Exercise requirements:
The output must be exactly the lines from the "Renkli Türk tatlıları" line through the end of the listing below, with no picture included.

═════ Recorded information

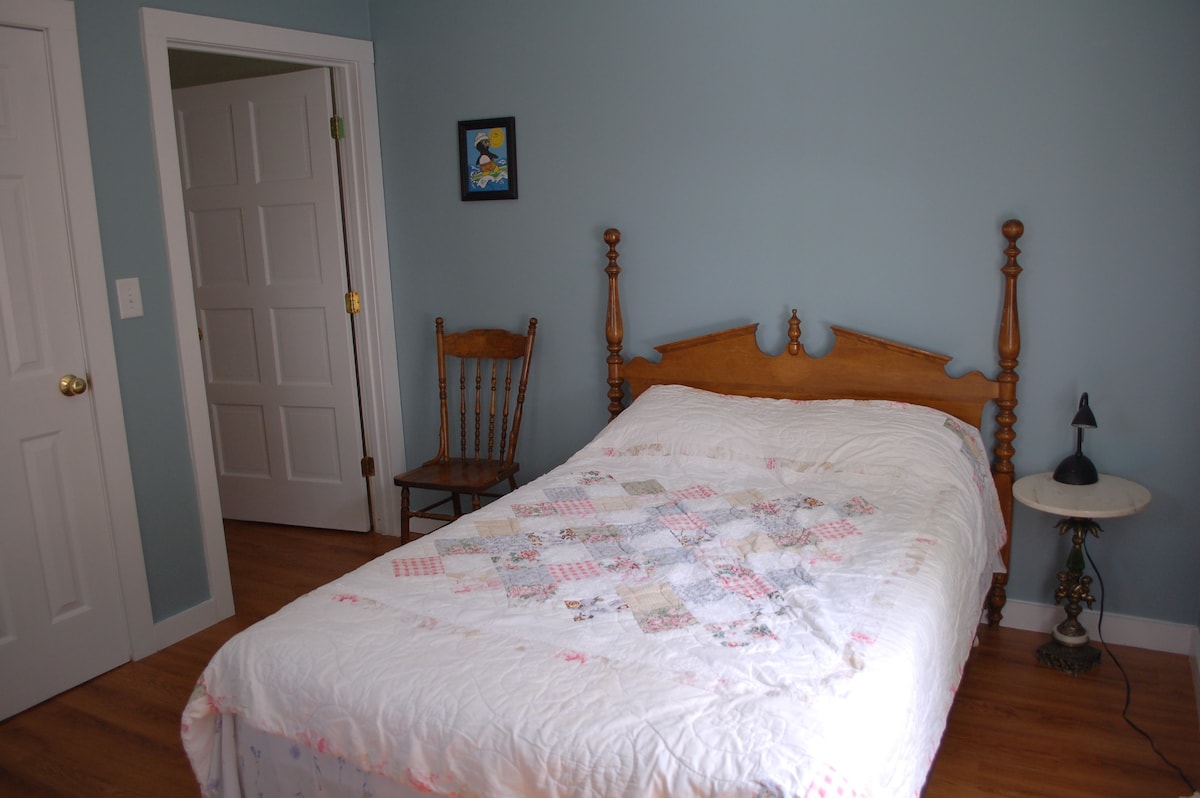 Chumba cha kulala #3 chini - kitanda cha watu wawili. Angavu na safi. 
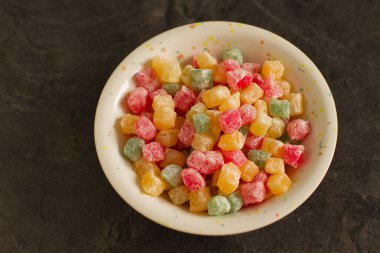 Renkli Türk tatlıları yığını, koyu renkli küçük parçalar halinde zevkten dört köşe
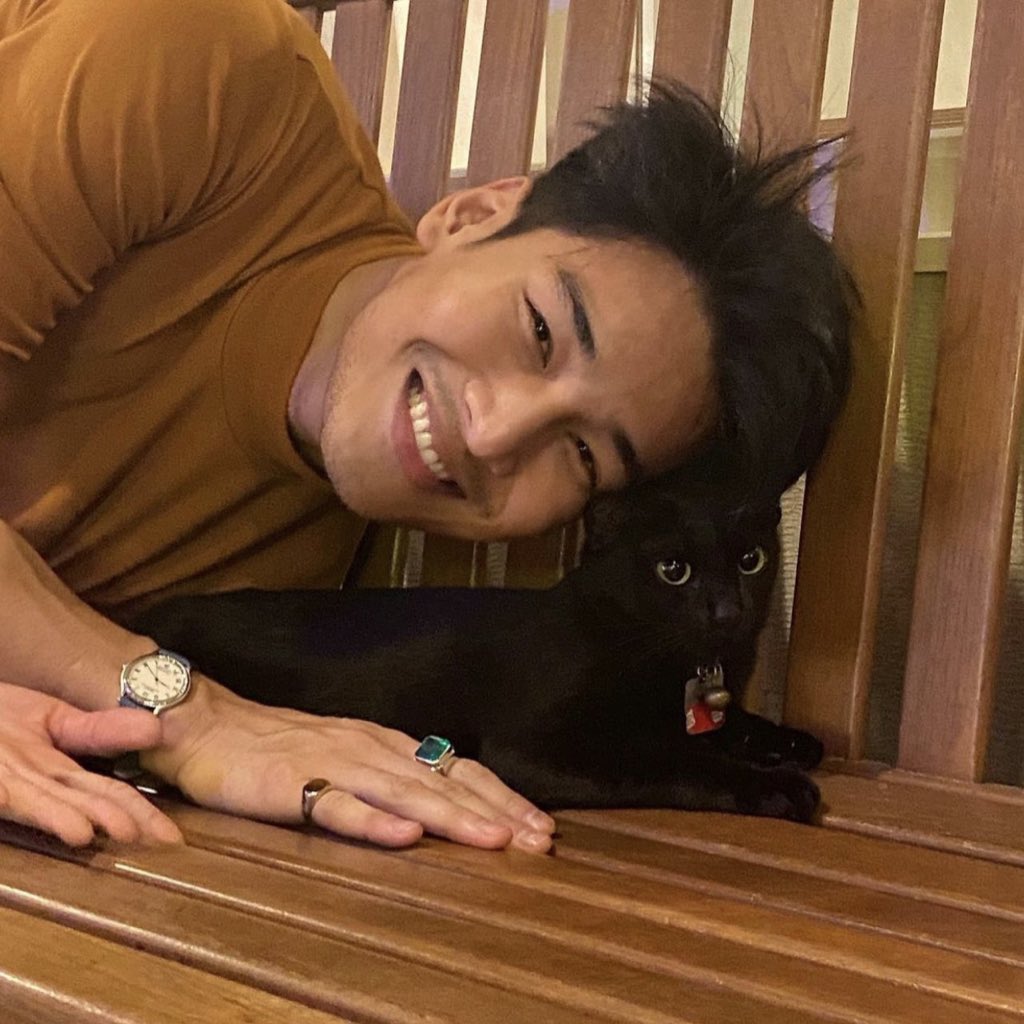 Apomysmile's tweet photo. ก่อนที่จะรู้จักโป บอกทุกคนตลอดว่าชอบผช.แต่งตัวเก่ง หน้าไทยคมๆ ผิวสีแทน แต่นึกไม่ออกหรอกว่าหน้าตายังไง ใครจะไปคิดว่าจะเจอวะ😭 
first impression อ่ะทำให้มาดูซีรี่ แล้วก็ค้นพบว่าเออ ผช.คนนี้แม่งเก่งมาก ไหนจะสัมรายการต่างๆอีก ทัศนคติโคตรดี หลงรักมากรู้มั้ย🥹❤️ #Nnattawin @Nnattawin1 https://t.co/oUdi3DXTWT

══════════

Output of the task:
 Renkli Türk tatlıları yığını, koyu renkli küçük parçalar halinde zevkten dört köşe
 Apomysmile's tweet photo. ก่อนที่จะรู้จักโป บอกทุกคนตลอดว่าชอบผช.แต่งตัวเก่ง หน้าไทยคมๆ ผิวสีแทน แต่นึกไม่ออกหรอกว่าหน้าตายังไง ใครจะไปคิดว่าจะเจอวะ😭 
first impression อ่ะทำให้มาดูซีรี่ แล้วก็ค้นพบว่าเออ ผช.คนนี้แม่งเก่งมาก ไหนจะสัมรายการต่างๆอีก ทัศนคติโคตรดี หลงรักมากรู้มั้ย🥹❤️ #Nnattawin @Nnattawin1 https://t.co/oUdi3DXTWT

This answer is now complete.